There is no information in the NtK to clarify the capacity in which Groupnexus is acting. This creates a situation where the keeper is being pursued for a payment allegedly owed to an unknown party. This undermines the basic requirements of legal certainty and transparency.

POPLA and courts have consistently held that the operator must identify the creditor and clarify their legal standing in relation to the land. Without such clarification, the Notice is materially non-compliant, and keeper liability cannot be established.


Given these failures, GROUPNEXUS has not complied with the requirements of PoFA, meaning they cannot transfer liability to the keeper.  Without strict compliance with PoFA, GROUPNEXUS cannot hold the keeper liable, and this charge is therefore unenforceable.


7. The operator has not identified the driver and cannot rely on PoFA to transfer liability to the keeper.

As GROUPNEXUS cannot rely on PoFA to transfer liability to the keeper, they must provide evidence that the keeper was the driver at the time of the alleged parking contravention.

GROUPNEXUS have not provided any evidence to suggest that the registered keeper was the driver.

GROUPNEXUS has made no attempt to prove the identity of the driver, and they have not demonstrated why they believe the registered keeper should be held liable without PoFA compliance.
As there is no evidence that I, as the registered keeper, was the driver, GROUPNEXUS has no legal grounds to pursue this charge against me.


8. The operator is put to strict proof of landowner authority to issue PCNs in their own name


It is a well-established requirement under the Private Parking Single Code of Practice (PPSCoP) and longstanding POPLA precedent that a private parking operator must have clear, current, and contractual authority flowing from the landowner to manage parking and issue PCNs in their own name.

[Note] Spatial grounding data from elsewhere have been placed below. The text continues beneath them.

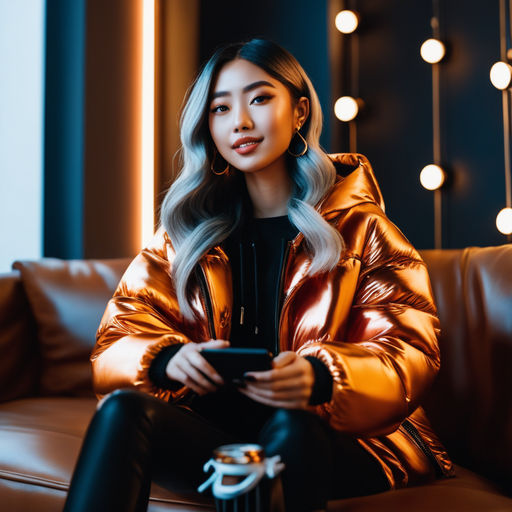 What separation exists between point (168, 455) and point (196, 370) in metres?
0.13

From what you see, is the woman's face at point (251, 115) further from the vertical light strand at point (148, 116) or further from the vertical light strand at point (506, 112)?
the vertical light strand at point (148, 116)

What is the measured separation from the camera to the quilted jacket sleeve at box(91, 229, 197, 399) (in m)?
1.03

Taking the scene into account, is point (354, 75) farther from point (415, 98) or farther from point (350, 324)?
point (350, 324)

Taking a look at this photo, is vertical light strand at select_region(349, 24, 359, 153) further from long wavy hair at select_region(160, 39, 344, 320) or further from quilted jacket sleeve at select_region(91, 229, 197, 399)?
quilted jacket sleeve at select_region(91, 229, 197, 399)

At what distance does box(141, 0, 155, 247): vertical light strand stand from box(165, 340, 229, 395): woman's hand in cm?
166

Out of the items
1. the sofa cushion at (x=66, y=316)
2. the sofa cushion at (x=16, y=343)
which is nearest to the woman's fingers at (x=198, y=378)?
the sofa cushion at (x=66, y=316)

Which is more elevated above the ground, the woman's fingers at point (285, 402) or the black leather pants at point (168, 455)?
the woman's fingers at point (285, 402)

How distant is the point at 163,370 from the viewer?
39.2 inches

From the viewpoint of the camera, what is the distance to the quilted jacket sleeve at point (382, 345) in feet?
2.97

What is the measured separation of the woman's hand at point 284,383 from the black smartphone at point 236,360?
0.01 meters

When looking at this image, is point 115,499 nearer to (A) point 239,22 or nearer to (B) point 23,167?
(B) point 23,167

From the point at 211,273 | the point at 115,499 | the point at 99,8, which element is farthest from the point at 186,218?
the point at 99,8

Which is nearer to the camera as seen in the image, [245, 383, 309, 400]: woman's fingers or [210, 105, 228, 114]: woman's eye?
[245, 383, 309, 400]: woman's fingers

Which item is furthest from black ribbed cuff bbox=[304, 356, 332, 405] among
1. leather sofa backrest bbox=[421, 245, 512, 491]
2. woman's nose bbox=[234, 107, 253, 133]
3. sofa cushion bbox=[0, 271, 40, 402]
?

GroupNexus is therefore put to strict proof. The operator must produce, but not limited to:
• A contemporaneous, unredacted contract or agreement with the landowner (or the landowner’s agent, with written proof of such agency),
• Confirmation that the contract permits the operator to issue PCNs in their own name and to pursue unpaid charges,
• Proof that the contract is still valid and in force as of the date of the alleged contravention,
• Identification of the exact land covered (including “New Street Retail Park”),
• Disclosure of all material terms, including the scope, duration, enforcement conditions, and authority limits,
• Confirmation of any variations agreed since the contract was first executed.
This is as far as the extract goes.